Profondément engagé dans la lutte de son peuple, il n'a pour autant jamais cessé d'espérer la paix et sa renommée dépasse largement les frontières de son pays.

Pprésident de l'Union des écrivains palestiniens.

Il a publié plus de vingt volumes de poésie, sept livres en prose et a été rédacteur de plusieurs publications, comme Al-jadid - (الجديد - Le nouveau), Al-fajr (الفجر - L'aube), Shu'un filistiniyya (شؤون فلسطينية - Affaires palestiniennes) et Al-Karmel (الكرمل) .

Reconnu internationalement pour sa poésie qui se concentre sur sa nostalgie de la patrie perdue. Ses œuvres lui ont valu de multiples récompenses et il a été publié dans au moins vingt-deux langues.

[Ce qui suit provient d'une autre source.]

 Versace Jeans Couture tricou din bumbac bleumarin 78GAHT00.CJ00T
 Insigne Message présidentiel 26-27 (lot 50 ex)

La terre nous est étroite. Elle nous accule dans le dernier défilé et nous nous dévêtons de nos membres pour passer.

Et la terre nous pressure. Que ne sommes-nous son blé, pour mourir et ressusciter. Que n'est-elle notre mère

Pour compatir avec nous. Que ne sommes-nous les images des rochers que notre rêve portera,

Miroirs. Nous avons vu les visages de ceux que le dernier parmi nous tuera dans la dernière défense de l'âme.

Nous avons pleuré la fête de leurs enfants et nous avons les visages de ceux qui précipiteront nos enfants

Par les fenêtres de cet espace dernier, miroirs polis par notre étoile.

Où irons-nous, après l'ultime frontière? Où partent les oiseaux, après le dernier

Ciel? Où s'endorment les plantes, après le dernier vent? Nous écrirons nos noms avec la vapeur

Carmine, nous trancherons la main au chant afin que notre chair le complète.

Ici, nous mourrons. Ici, dans le dernier défilé. Ici ou ici, et un olivier montera de Notre sang.